Good true crime writing maintains distance. The writer must know how to tear some facts from court transcripts and police reports, and how to imagine others out of thin air. They must be able to deftly weigh these against each other so the reader never pauses to wonder how the writer could know such things. The writer must decide which details to include—that Steve’s younger daughter made her father a vegetable stir- fry the night of her mother’s murder—and which to omit—that my father and the murderer learned how to roll a kayak in the brick-red spring runoff of the Pariah River their freshman year of college; that the two remained best friends for twenty years until a final rift a few years prior to the murder.
Then, there are details about the case that I’ve almost certainly made up: that Steve entered the house before Carol did and unscrewed all the light bulbs. This can’t be true, because she was home for hours before his arrival. I must have read that somewhere else, about someone else.
Writers omit details about the murdered, or else, as readers, we skip over them. They are too frightening and too small. Get too close, and pain ceases to be palatable.
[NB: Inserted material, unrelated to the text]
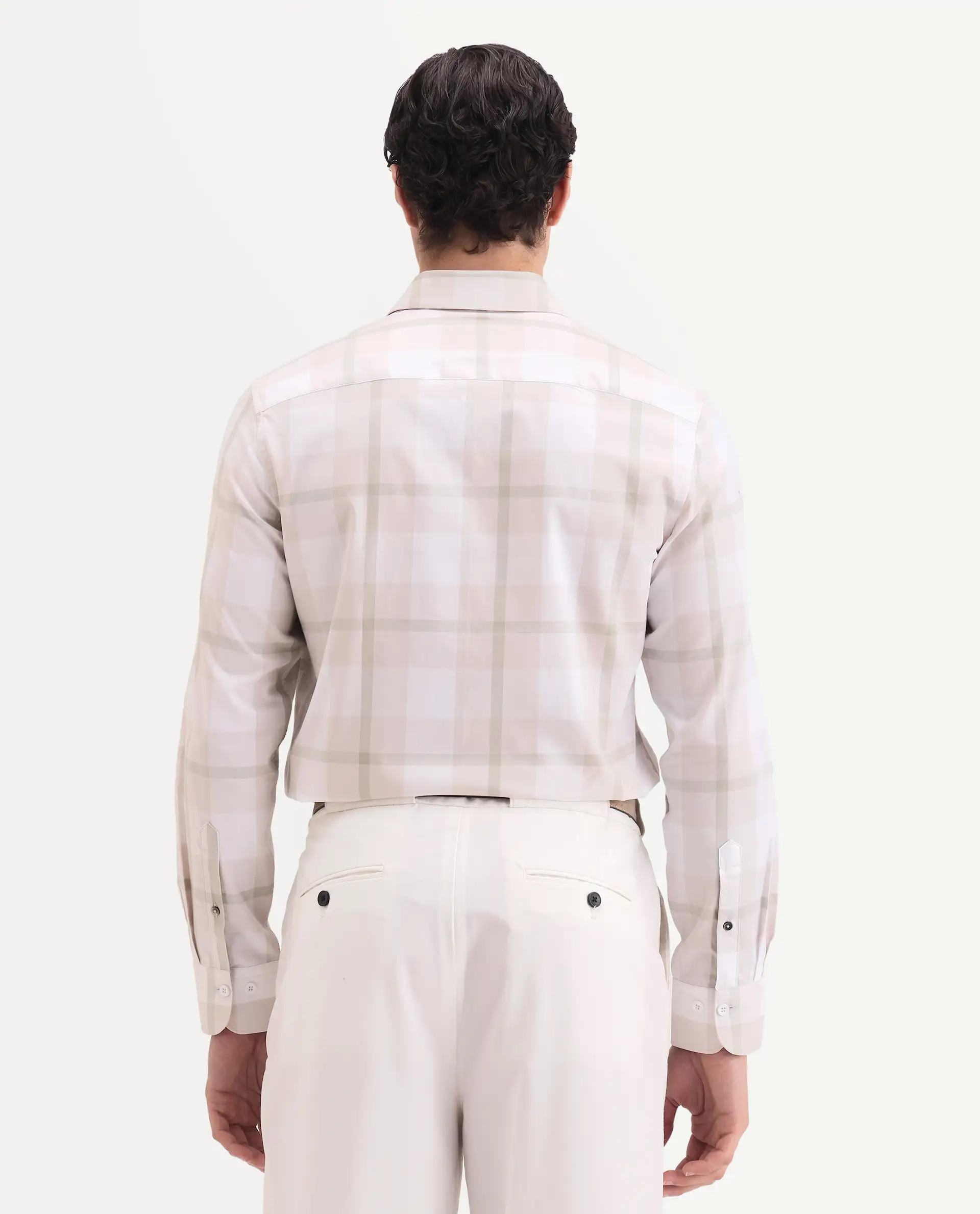 Rare Rabbit Men's Taki Beige Cotton Fabric Full Sleeve Spread Collar Regular Fit Checked Shirt - Image 7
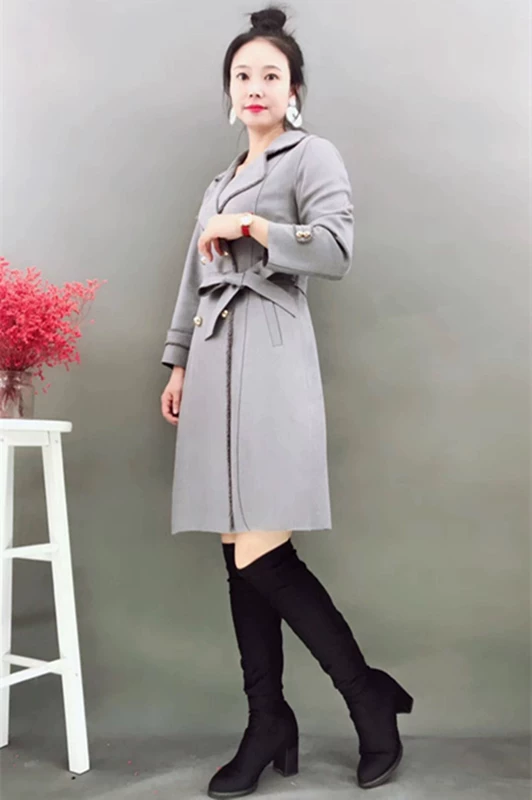 Áo khoác nữ mùa thu mới 2018 của Ji Jiayi QJY-18Q822 là áo khoác nữ mùa thu mỏng và dài - Trench Coat áo khoác nữ mùa đông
Steve killed Carol in midsummer, in the desert, in the evening. It might still have been light outside when she died. I imagine that Steve and Carol’s two daughters are the same ages as my sister and myself; they are several years older.
After Carol’s death, my dad began a true crime memoir about her murderer. In his writing, my father is a distant narrator; detailed catalogs of Steve’s skillful manipulation of the legal system, the media, his family, friends, and neighbors. His relationship to my father isn’t mentioned. This is true at least for the drafts I was allowed to read.
The true crime author’s authority comes from their closeness to the story. But if the writer neglects to maintain a strategic tension—allows slippage between what is real and what is embellishment, or confuses sordid details with truly sickening ones— they risk losing their reader. The writer is revealed to be a fabulist, or worse, a leech; simultaneously self-serving and -pitying. When the author becomes too close to the story, their credibility is threatened and they become a character themselves.
I was eleven when Carol was killed and seventeen when Steve was sentenced to life for the crime. I went to middle school and high school, and my dad stopped writing his book. A notable true crime author wrote a brick-sized paperback about Carol’s murder; my dad is quoted on the last page. My parents got divorced, and my dad moved back to the town where I was born, the town where Carol died. Like hers, his house is in a peripheral cul-de-sac that meanders into the scrub oak and granite dells, a landscape of eroded pink stone fractured by new construction. The town is bigger than it was when we moved away.
When I visit my hometown, my dad and I still hike in the dells but rarely pull the surveyors’ tape, it’s a fool’s errand– the houses will go up regardless. One late afternoon, halfway up Granite Mountain, my dad pauses in the shade to consider the sheer, patinated cliff face above us. He and Steve used to rappel there, crack climbing up and then lowering each other back down over and over until backing off the precipice was second nature, until the trust was absolute. He points to a jumble of house-size boulders at the base. Steve could easily have clambered to some anonymous crevice and secreted his bloodied clothes away.
I peel off my shoes and socks and swish my feet in the shallows of a dammed reservoir outside of town. I can feel the ominous sucking current of the dam’s spillways. A year after the murder, the city dredged this lake for the missing golf club and found nothing. My dad and I climb to a fire look-out on top of nearby Mingus Mountain. Directly below us, nestled in the ponderosa, a nameless pond shines like a silver dollar. My dad thinks it is more likely Steve disposed of the weapon there.